Exit status 255 error/

I keep getting the following error when submitting 2D classification jobs:

Command ‘[‘ssh’, u’dgl@dgl’, ‘nohup’, u’/home/dgl/cryosparc2_worker/bin/cryosparcw run --project P1 --job J7 --master_hostname dgl-Precision-7920-Tower --master_command_core_port 39002 > /home/dgl/cryosparc2_projects/PhoPQ K19R SMA/P1/J7/job.log 2>&1 & ‘]’ returned non-zero exit status 255

and the job overview states:

Launching job on lane default target dgl …
License is valid.
Running job on remote worker node hostname dgl
Failed to launch! 255
ssh: Could not resolve hostname dgl: Name or service not known

Here are the configurations:

CRYOSPARC CONNECT --------------------------------------------

Attempting to register worker dgl@localhost to command dgl@localhost:39002
Connecting as unix user dgl
Will register using ssh string: dgl@dgl-Precision-7920-Tower
If this is incorrect, you should re-run this command with the flag --sshstr

Connected to master.

Current connected workers:

Autodetecting available GPUs…
Detected 1 CUDA devices.

id pci-bus name

   0      0000:73:00.0  Quadro P4000

All devices will be enabled now.
This can be changed later using --update

Worker will be registered without SSD.

Autodetecting the amount of RAM available…
This machine has 64.02GB RAM .

Registering worker…

You can now launch jobs on the master node and they will be scheduled
on to this worker node if resource requirements are met.

Final configuration for dgl@localhost
lane : default
name : dgl@localhost
title : Worker node dgl@localhost
resource_slots : {u’GPU’: [0], u’RAM’: [0, 1, 2, 3, 4, 5, 6, 7], u’CPU’: [0, 1, 2, 3, 4, 5, 6, 7, 8, 9, 10, 11, 12, 13, 14, 15]}
hostname : dgl@localhost
worker_bin_path : /home/dgl/cryosparc2_worker/bin/cryosparcw
cache_path : None
cache_quota_mb : None
resource_fixed : {u’SSD’: False}
cache_reserve_mb : 10000
type : node
ssh_str : dgl@dgl-Precision-7920-Tower
desc : None

Hi @Bruk,

It looks like you have multiple workers registered in the default lane:

Current connected workers:

and although you are connecting your dgl-Precision-7920-Tower correctly, the other workers are misconfigured and when you try to launch a job the scheduler is trying to run it on one of the other registered workers and failing.
Try to create a new lane and assign just the correct worker to that lane, and then queue a job to that lane:
cryosparcw connect --master <master_hostname> --worker <worker_hostname> --update --newlane --lane "dgl_lane"
After this in the UI you’ll see a second lane other than default on which you can queue jobs.

I don’t have a cryosparcw command available; just cryosparcm. What are the commands i can use to remove workers and create a new lane with cryosparcm?

Hi @Bruk,

The cryosparcw command is available on the node that hosts the cryosparc2_worker files.

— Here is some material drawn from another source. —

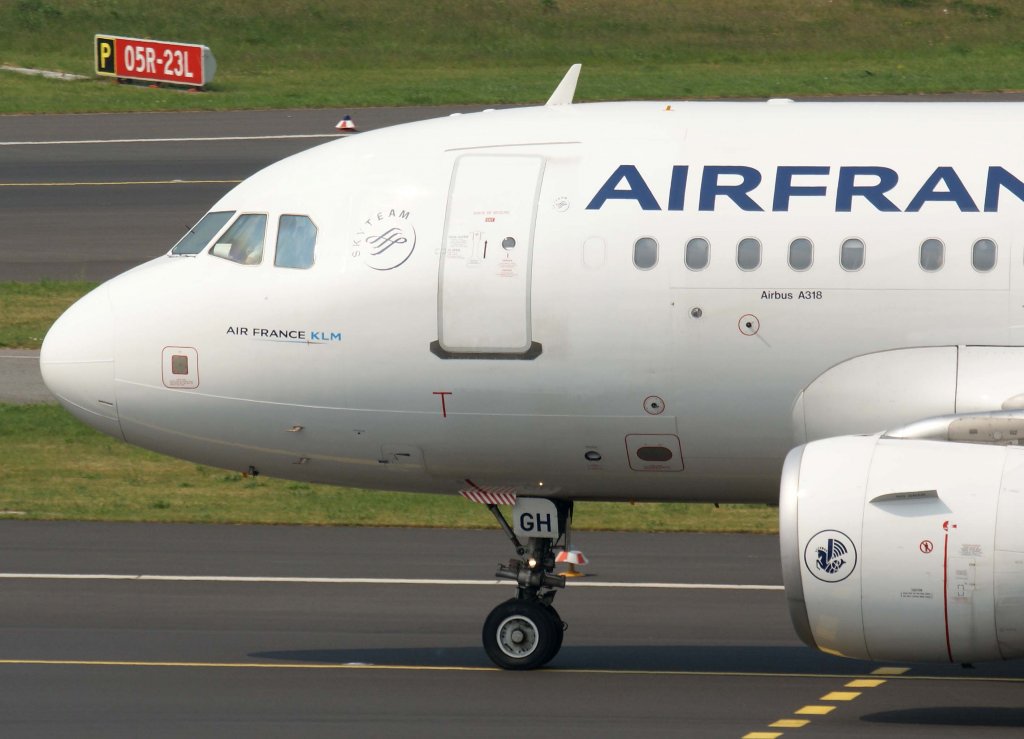 Air France, F-GUGH, Airbus A 318-100 (neue AF-Lackierung ~ Nase/Nose), 29.04.2011, DUS-EDDL, Dsseldorf, Germany 

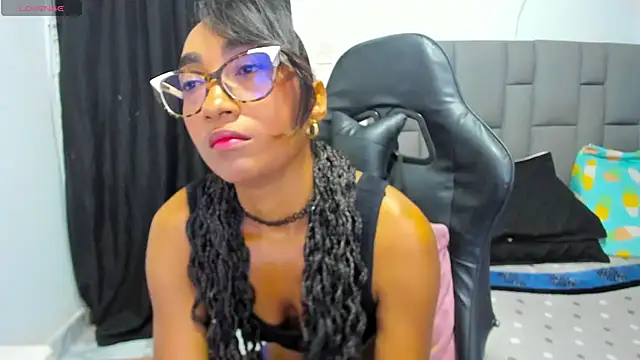 Snapshot of MurphyAngelina chatting on 07-02-26, 03:23 MurphyAngelina online show from 07-02-26, 03:23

okay, the following command

cd /home/dgl/cryosparc2_worker
bin/cryosparcw connect --worker localhost --master localhost --port 39000 --ssdpath /scratch/cryosparc_cache

gives the following output:

CRYOSPARC CONNECT --------------------------------------------

Attempting to register worker localhost to command localhost:39002
Connecting as unix user dgl
Will register using ssh string: dgl@localhost
If this is incorrect, you should re-run this command with the flag --sshstr

Connected to master.

Current connected workers:

Autodetecting available GPUs…
Detected 1 CUDA devices.

id pci-bus name

   0      0000:73:00.0  Quadro P4000

All devices will be enabled now.
This can be changed later using --update

Traceback (most recent call last):
File “bin/connect.py”, line 197, in
cache_path = check_ssd_path()
File “bin/connect.py”, line 88, in check_ssd_path
assert os.path.isdir(cache_path_expand), “Path %s does not exist.” % args.ssdpath
AssertionError: Path /scratch/cryosparc_cache does not exist.

I see that there are multiple connected workers I would like to disconnect. I also see that there is a cache error even though /home/dgl/scratch/cryosparc_cache exists. Can you let me know how to disconnect the workers and fix the cache issue?

trying cryosparcw connect --master localhost --worker localhost --update --newlane --lane “dgl_lane”
returns the “cryosparcw: command not found” error

never mind, uninstalled and reinstalled everything again.